Für die letzte Sendung in diesem Jahr hat sich Moderator Markus Lanz "zwei Paare" in die Sendung eingeladen, wie er seine Gäste selbst deklariert. Dabei sind sie kein Ehepaar, sondern haben einen ähnlichen Hintergrund, jedoch mit anderen Denkweisen. Am Donnerstagabend philosophieren sie nicht nur über den Schutz des Lebens und seine Wichtigkeit, sondern auch über die Corona-Maßnahmen der Regierung. Ex-Innenminister Gerhart Baum geht dabei stark mit genau jener ins Gericht und fordert sie auf, "endlich die Wahrheit" zu sagen.
Diesen Satz spricht der FDP-Politiker Baum und vergleicht damit seine Erfahrungen aus dem Zweiten Weltkrieg mit dem jetzigen Lockdown. Zwar macht er auch deutlich, dass alle Maßnahmen tragbar und richtig seien, jedoch beschreibt er auch ein "Ohnmachts-Gefühl" der Lage gegenüber, da man einer ausgesetzt sei, die man nicht steuern könne. Das sei gerade für Politiker eine große Herausforderung, deren Job es eigentlich sei, Dinge zu "managen". Trotzdem sagt er, klage die Gesellschaft auf "einem relativ hohen Niveau", wenn sie sich über die Maßnahmen beschwere.
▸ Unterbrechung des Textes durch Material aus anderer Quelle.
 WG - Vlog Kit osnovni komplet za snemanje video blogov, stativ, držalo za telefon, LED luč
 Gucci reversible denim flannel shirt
Sehr schnell dreht sich die Debatte an diesem Abend über Leben und Tod. "Dass man Angst hat, sich zu infizieren und zu sterben, ist eine gesunde Angst", sagt der Psychiater und Theologe Dr. Manfred Lütz. Das kritisiert er auch nicht, sondern dass Menschen heutzutage nur "vorbeugend leben" würden und deshalb gar nicht mehr wirklich lebten. Alles sei auf das Thema Gesundheit ausgerichtet.
Den Bestsellerautor stört der Gesundheitskult, der in Deutschland herrsche. Er fordert lieber, den Tod als Thema nicht zu verdrängen. "Aber ich möchte nicht an Corona sterben", entgegnet Baum darauf. Er wolle dem Tod keine Herrschaft über sein Leben geben. Er würde bewusst leben, im Wissen um den Tod. "Ich möchte ungefährdet und leben und will, dass der Staat mich schützt", sagt er dazu.
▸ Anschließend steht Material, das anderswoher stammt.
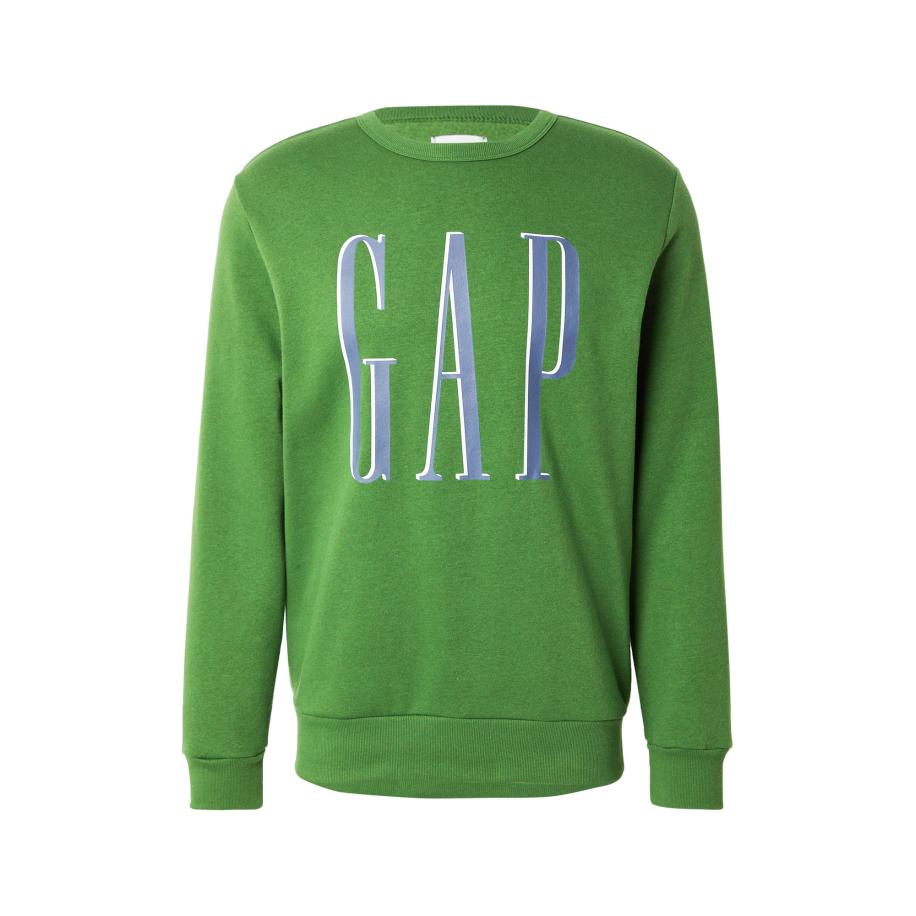 GAP GAP Sweatshirt basaltgrijs / groen / wit -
Doch Lütz hält dagegen und greift ein Zitat des Präsidenten des Deutschen Bundestages, Wolfgang Schäuble, auf: "Wenn ich höre, alles andere habe vor dem Schutz von Leben zurückzutreten, dann muss ich sagen: Das ist in dieser Absolutheit nicht richtig. Grundrechte beschränken sich gegenseitig." "Falsch!", kontert der 88 Jahre alte FDP-Politiker. Es gebe ein Lebensrecht in der Verfassung, welches extra als Reaktion darauf entwickelt wurde, weil die Nazis dieses "mit Füßen getreten" haben. "Alles andere habe vor dem Schutz des Lebens zurückzutreten, ist in der Absolutheit nicht richtig. Aber das Lebensrecht hat einen herausgehobenen Rang."
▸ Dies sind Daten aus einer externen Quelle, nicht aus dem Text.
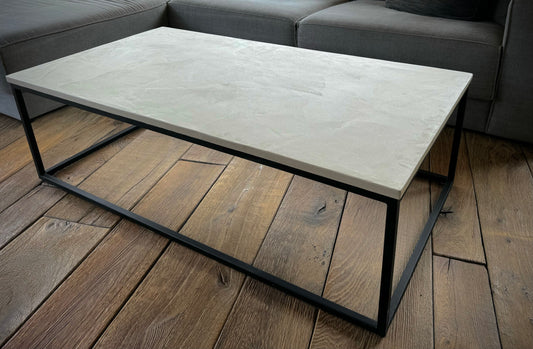 Microcement salontafel hot steam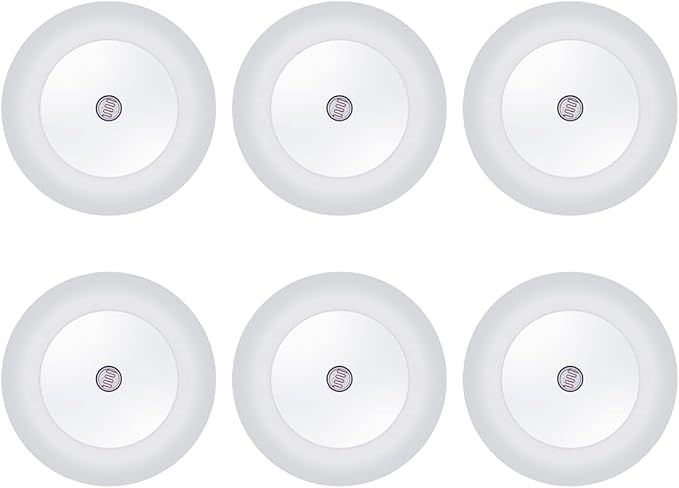 6 Pack LED Night light, LED night lights plug into wall with dusk to dawn sensors, plug in night lights for kids room, bedroom, bathroom, baby nursery,Stair Lights, Hallway Light, Red, Blue, Amber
"Man darf die Gesundheit nicht als absolutes Recht sehen, weil es sonst gefährlich wird für unsere demokratische freiheitliche Grundordnung", kann der Theologe nicht lockerlassen. Dann mischt sich auch die Philosophin Thea Dorn in die Diskussion ein und versucht, wieder den Bezug auf die reale Lage derzeit in Deutschland zu herzustellen. Auch sie kritisiert, dass es ums Überleben gehe, egal wie und nennt dabei die Menschen, die alleine in Alters- und Pflegeheimen sterben mussten. Sie beklagt weiter, dass Menschen ihre dementen, kranken Angehörigen nicht besuchen könnten.
Nachdem alle anderen durcheinanderreden, kann sich Moderator Markus Lanz durchkämpfen und entgegnet ihr, dass Gesundheitsminister Jens Spahn sehr wohl etwas in diese Richtung geäußert habe. "Wir werden in ein paar Monaten einander wahrscheinlich viel verzeihen müssen", hatte der CDU-Politiker im Frühling gesagt. Ja, das sei eine der besten Sätze eines Politikers dieses Jahr gewesen, muss Dorn schließlich anerkennen.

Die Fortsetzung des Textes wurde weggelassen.